Joe Biden understands something about the Democratic Party and its future that his fellow partisans would do well to consider. “I don’t think any Democrat’s ever won saying, ‘We can’t think that big—we ought to really downsize here because it’s not realistic,’” the vice president told The New York Times in April. “C’mon man, this is the Democratic Party! I’m not part of the party that says, ‘Well, we can’t do it.’” Mocking Hillary Clinton’s criticism of Bernie Sanders for proposing bold reforms, Biden dismissed the politics of lowered expectations. “I like the idea of saying, ‘We can do much more,’ because we can,” he declared, leading the Times to observe that, while Biden wasn’t making an endorsement, “He’ll take Mr. Sanders’s aspirational approach over Mrs. Clinton’s caution any day.”

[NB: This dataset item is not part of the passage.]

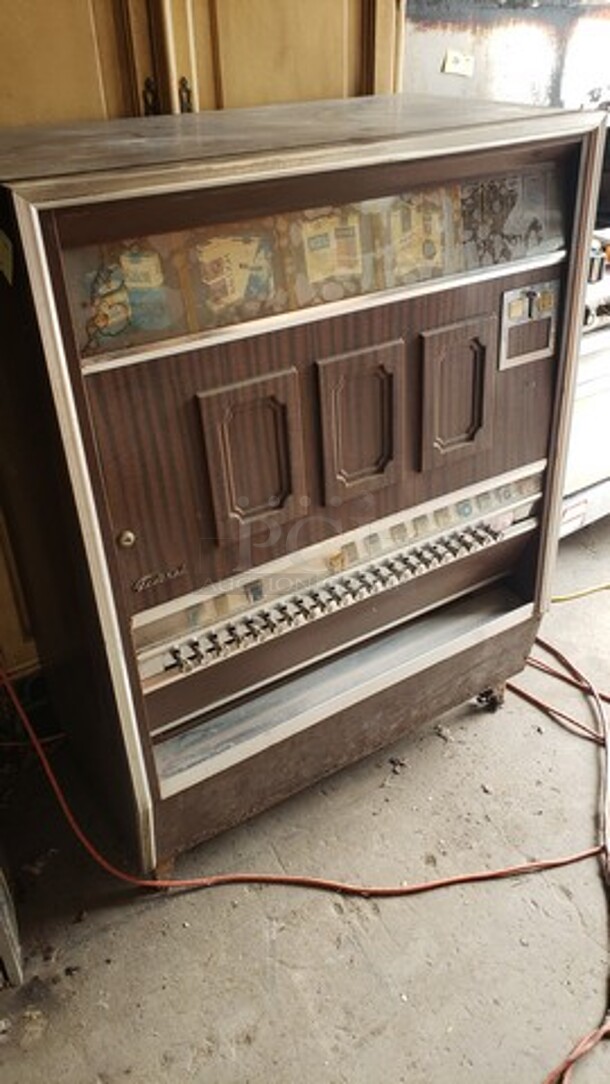 Vintage Cigarette Vending Machine! - Image 1 of 3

Unwittingly or not, Biden made an even better case than Sanders has for taking his insurgent campaign all the way to the Democratic convention in Philadelphia. If the party is going to run in 2016 on a “do much more” agenda—as opposed to triangulating around the center—the Vermont senator’s supporters and like-minded Democrats, including Clinton’s progressive backers, will have to force the issue. Taking the Sanders insurgency to the convention is the paramount vehicle for placing demands that are ideological and, as Biden’s comments suggest, also strategic. That’s one reason why Sanders promised in a statement on April 26 to go to the convention with “as many delegates as possible to fight for a progressive party platform”—despite the fact that Clinton’s delegate advantage now all but guarantees that she will win the nomination.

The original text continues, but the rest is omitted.